Thursday, August 6, 2009

Motivational exercise music

Your playlist can make or break your workout. You always have a little more spring in your step when there's a great tune playing on your iPod. By the same token, anyone who has ever been trapped in a cycling class with an instructor who's got a penchant for the Crash Test Dummies knows just how challenging it can be to get your heart rate up when you're listening to music that's a complete downer.

Unless you are incredibly rhythm-challenged, you unconsciously are going to sync up your movements with the beat of the music. Therefore, it's important to pick music that has an appropriate tempo. For running, conventional wisdom is that 140-160 bpm is good. For cycling a little slower is recommended. For hill climbs I tend to pick something slower with a strong bass line, such as "Seven Nation Army" by the White Stripes. For sprints, Devo's "Whip It" is always a good choice.

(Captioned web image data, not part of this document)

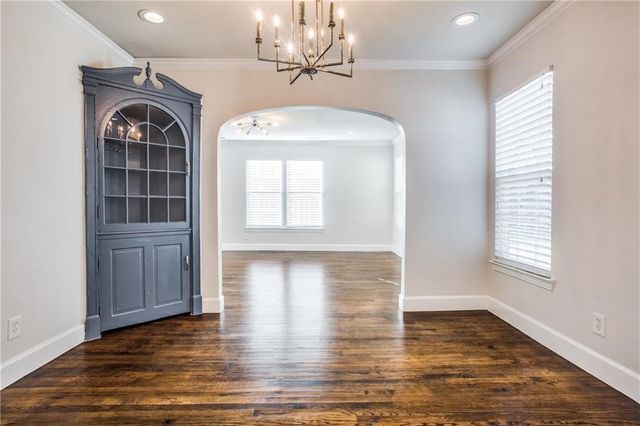 3147 Hedgerow Drive, Dallas, TX 75235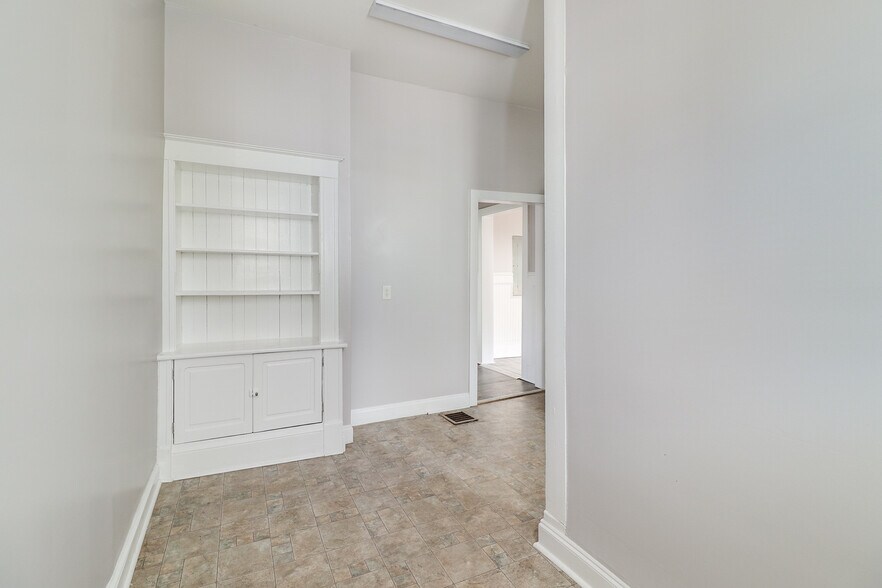 More Photos Of 104 W Candler St, Winder Medical For Sale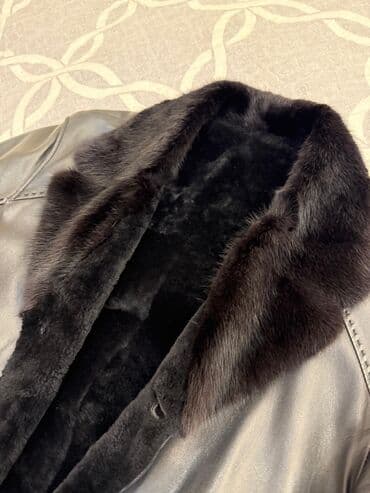 демисезонные кожаные мужские куртки: Original deri.ici qoyun yunudur,yaxa tukleri norkadir.eynime balaca — 5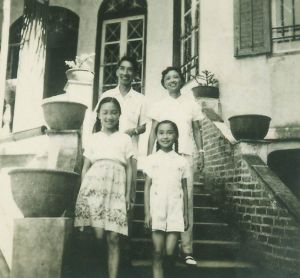 刘含怀夫妇与女儿在公园路31号留影(来源:《刘含怀家族画册选》,http://blog.sina.com.cn/s/blog_5403af370100zd55.html) 刘含怀夫妇与女儿在公园路31号留影(来源:《刘含怀家族画册选》,http://blog.sina.com.cn/s/blog_5403af370100zd55.html)
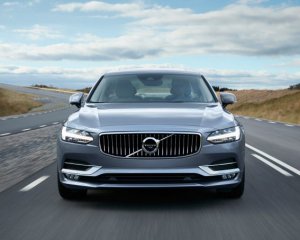 Volvo отзывает 200 тыс. проблемных автомобилей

Naturally, you also need to pick music you like. I personally am not a fan of the Black-Eyed Peas. For that reason, no matter how many times people tell me "Boom Boom Pow" is a great cardio song, you will never hear me play it in class. If a song makes you want to stick a fork in your eye it's demotivational even if the bpm is perfect.

Context can be everything. Normally I would never play Bruce Springsteen's "The River" during a cycling class even during the cool-down phase, because while it's a great song it's also depressing as heck. But I do trot it out every so often as part of my special "Wedding Reception From Hell" playlist that I use whenever I know someone in the class is planning a wedding or celebrating an anniversary :) (Also included on that playlist: "White Wedding" by Billy Idol (duh!), "Band of Gold" by Frieda Payne, "I Will Survive" by Gloria Gaynor, "I Kissed a Girl" by Jill Sobule, and more in that vein.)

If you're doing resistance training or flexibility work you can pretty much listen to anything you like. I've benched to Tchaikovsky's 1812 Overture and Beethoven's Ninth, and both work great. Heavy metal and 80's hair bands seem to be a more typical choice among lifters, but I personally need to stay away from anything that reminds me of Spinal Tap because then I start to laugh and my form goes all to heck. That's just me, though.

I generally don't listen to music when I'm doing ballistic kettlebell work because I find I let the beat of the music rather than the laws of physics dictate my cadence. I'm in the minority here, though. Most kettlebellers prefer to listen to music during their workouts. I recommend trying it both ways to see which works better for you.

If you'd like a specific example of a cardio playlist on which I've gotten good feedback from my cycling classes, here you go:

The Killing Moon 5:50 Echo & The Bunnymen
December 4:45 Collective Soul
Blue Monday 7:24 New Order
The Boys of Summer 4:18 The Ataris
It's My Life 3:46 No Doubt
Shadowplay 4:07 The Killers
No You Girls 3:40 Franz Ferdinand
Rebel Rebel 4:32 David Bowie
I Predict A Riot 3:53 Kaiser Chiefs
Long Road to Ruin 3:45 Foo Fighters
Somebody Told Me 3:18 The Killers
Do You Want to 3:35 Franz Ferdinand
Last Nite 3:13 The Strokes
Dancing With Myself 4:50 Billy Idol
Under the Milky Way 4:58 The Church
Unchained Melody 4:54 U2

It's about an hour long, and gets progressively faster until the final two songs, which are good for cooling down and stretching. Although it's a spinning playlist it also works pretty well for running.

What music do you like for cardio? resistance training? Stretching? Let me know in the comments section, because I'm always looking for new ideas.